De la nécessité de « canaliser les émotions »
Même si l’appel à manifester émanait de la base? L’enfant terrible d’Ennahdha est catégorique: « Dans les circonstances actuelles, le fait de descendre dans la rue ne fera qu’envenimer la situation et raviver les tensions. Cette approche n’est pas la solution, même s’il s’agit d’une demande des bases qui passe par l’émotion. Or, il est du devoir de la direction de canaliser cet état d’âme. »
Et d’arguer avec clairvoyance: « Les partis qui organisent des manifestations en cette période délicate cherchent plutôt à prouver leurs poids politiques. Mais c’est inutile: le seul critère qui peut définir le poids de chaque parti est le résultat des élections. »
« A quoi sert de montrer qu’on est les plus forts?
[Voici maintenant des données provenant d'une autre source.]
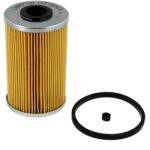 CHAMPION Filtru combustibil CHAMPION CFF100415 (CFF100415) - fixbox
Se référer au peuple se fait via les urnes et non en mobilisant la rue », concluait-il.
Ironie de l’histoire, la position de Dilou est partagée par la coalition Al-Karama, le parti satellitaire d’Ennahdha.
L’étrange position d’Al-Karama
En effet, le parti du sulfureux Saifeddine Makhlouf- qui soupçonne Ennahdha d’avoir appelé « secrètement à cette manifestation uniquement pour des fins purement partisanes »- vient d’annoncer ne pas être concerné par la manifestation en soutien au gouvernement Mechichi.
« Cet appel à la manifestation populaire n’a pas pour objectif de résoudre la crise. Mais il vise à améliorer les conditions de négociation du parti Ennahdha ». C’est ce qui ressort d’un communiqué émanant d’Al Karama.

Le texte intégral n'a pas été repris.